Cette dernière interruption coupa court à l’insistance de Jeanne. Elle aimait les deux jeunes gens qui le lui rendaient bien.

— Ne vous en désolez pas, Algernon. Les jeunes corbeaux auront quatre jours de plus de ce beau mois de mai, et, après tout, j’aime mieux les voir tuer par quelqu’un qui ne vous vaille pas.

— Qui ne me vaille pas ! Et lord Erlistoun ?

— Bien, cela peut être ; je ne le connais pas.

— Jeanne ! ma chère Jeanne !

— Ma chère mistress Browne !

Cette fois la malice l’emporta : Jeanne me regarda gaiement, elle souriait. Je savais, tout comme Jeanne, qu’un des rares défauts de ma bonne mère était un culte pour tout membre de l’aristocratie. Elle l’avait déjà, m’avait-on dit, lorsque l’honnête Thomas Brown était devenu le chef de la maison de Browne et Cie, négociants. On avait plaisanté alors sur la possibilité de changer cet e final qui était, dans son nom ou son caractère, la seule chose que mon père eût jamais consenti à modifier en faisant fortune. Elle s’appelait alors Susanne Steel ; elle était ouvrière en modes et en robes, et fort jolie ; elle l’était encore lorsqu’elle devint mistress Browne, de Lythwaite-Hall, mère de nombreux enfants, dont il ne lui restait que quatre, mes trois jeunes frères et moi ; elle prenait un plaisir bien excusable à faire valoir encore ses agréments avec ses belles robes, elle qui avait su conserver sa bonne grâce pendant tant d’années sans autre ornement que de la cotonnade et du linsey-wolsey.

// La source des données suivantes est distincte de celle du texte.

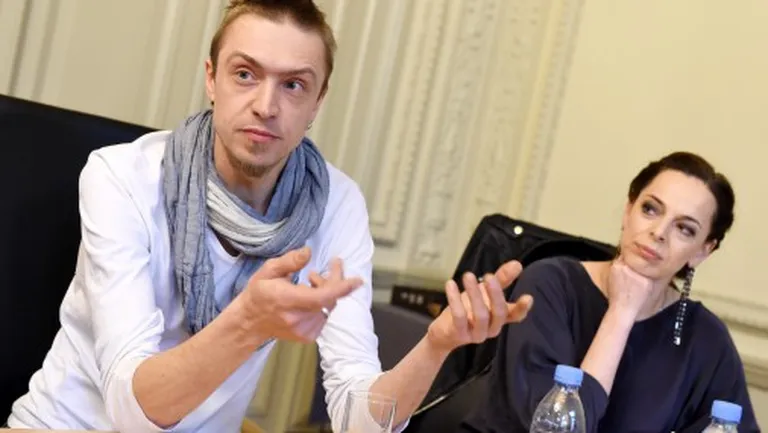Ritma grupas "Pulsa efekts" perkusionists Dzintars Vīksna un gastronomiskā māksliniece un TV personība Gundega Skudriņa piedalās preses konferencē, kurā izziņo programmu Cēsu jubilejas svinībām "Cēsis 810"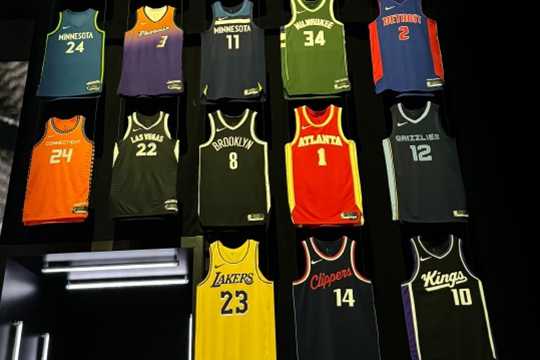 Nike与NBA和WNBA完成长达12年的球衣续约合同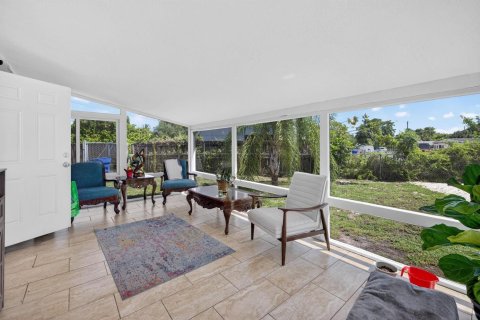 House in Fort Lauderdale, Florida 3 bedrooms, 152.64 sq.m. № 2242257 - photo 5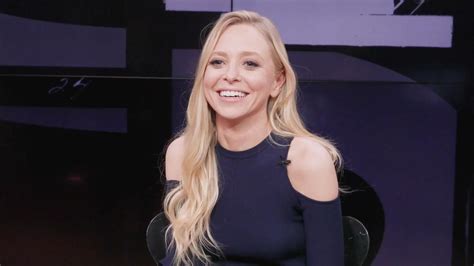 Mr Robots Portia Doubleday Comes Clean About Her Guilty Pleasure—and
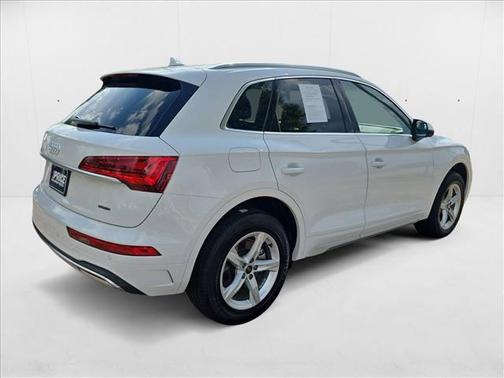 2024 Audi Q5 40 Premium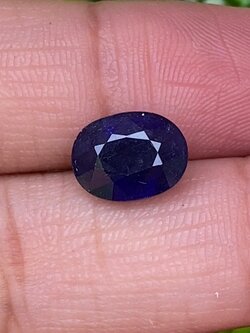ไพลิน (Blue Sapphire) 3.63 กะรัต (Cts.) พลอยแท้ อัญมณีมงคลประจําวันเกิด เครื่องประดับพลอย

Elle aimait aussi un peu à se faire honneur de toutes ses possessions, sa maison, ses voitures, ses domestiques, son argenterie, et même ses fils à Cambridge, bien qu’il me semblât souvent qu’elle était parfois un peu embarrassée de tout cet appareil, de ses fils surtout. Pauvre mère ! la seule chose dont elle ne pût pas faire parade, c’était moi.

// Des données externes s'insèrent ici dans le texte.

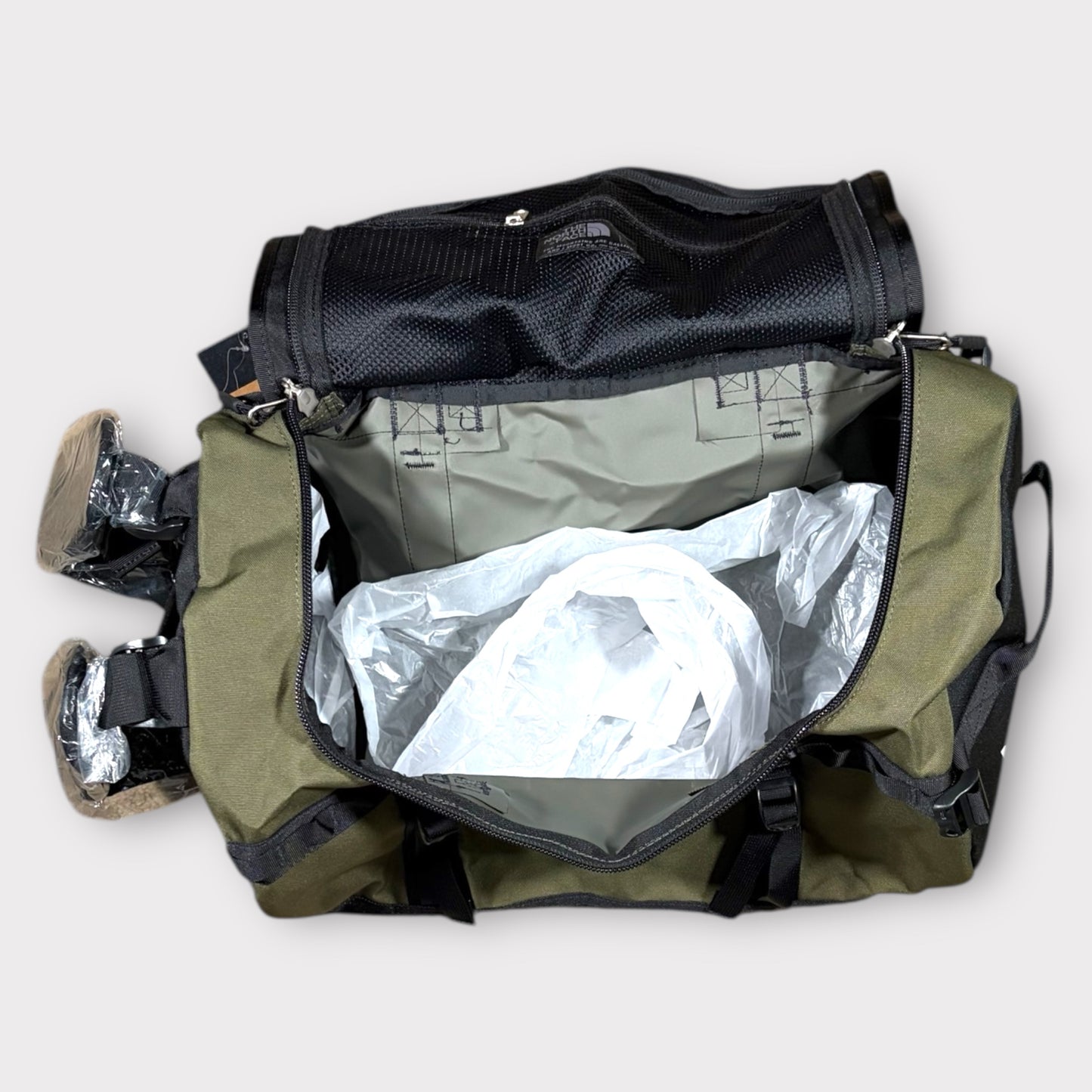 THE NORTH FACE GILMAN DUFFEL BAG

J’étais nouveau parmi les splendeurs de Lythwaite-Hall. Mon père l’avait acheté récemment ; il avait récemment pris place parmi les propriétaires fonciers ; c’était tout récemment aussi que j’entendais parler de lords parmi ses connaissances. Cela était probablement dû au rôle qu’il avait joué dans l’organisation de la grande exposition qui, cette année-là, avait confondu toutes les classes. Je n’étais guère satisfait d’ailleurs de voir un visiteur arriver à la maison pendant l’une de mes rares visites. Il me faut du temps pour m’habituer aux gens, même à ma cousine Jeanne. Jeanne et moi, nous étions bons amis maintenant ; oui, les meilleurs amis du monde.

Nous avions fait une longue promenade ce matin-là, nous avions traversé le jardin pour aller voir le massif de muguets, puis par le parc jusqu’au ruisseau, et nous étions revenus par les taillis sous les trois marronniers, car Jeanne disait en riant que lorsqu’elle aurait fait fortune et qu’elle aurait un parc, elle le planterait de marronniers. Je me rappelle ce propos, parce qu’il me prouva qu’en causant comme en nous taisant nous poursuivions tous deux des pensées et des plans d’avenir aussi éloignés que les deux pôles.

— On ne fait pas souvent fortune ; les vaisseaux n’arrivent pas toujours au port, n’est-ce pas, cousine Jeanne ?

Je suis un homme tout uni, je le sais. Il n’y a guère de poésie en moi, et ce qu’il pouvait y en avoir a disparu depuis vingt ans au milieu des Docks et de la Bourse de Liverpool. Peut-être la poésie eût-elle pu revivre ; cela dépendait de certaines choses que j’avais cherché ce matin-là à découvrir sans déranger personne et sans faire parler dans la famille. Je les avais découvertes, ou plutôt j’avais découvert à temps qu’il n’y avait rien à découvrir. Tout en restait donc là, et j’étais redevenu Marc Browne, le fils aîné du brave Thomas Browne, le commis du négociant, appartenant à une autre situation sociale que celle de mes frères Charles, Russell et Algernon Browne, nés après un long intervalle dans les jours de notre prospérité. C’étaient de beaux et braves garçons, bien venus, bien élevés, accoutumés au luxe et à la vie facile. Il n’était pas étonnant qu’ils vécussent si gaiement avec ma cousine Jeanne, et que Jeanne eût tant de goût pour les jeunes gens.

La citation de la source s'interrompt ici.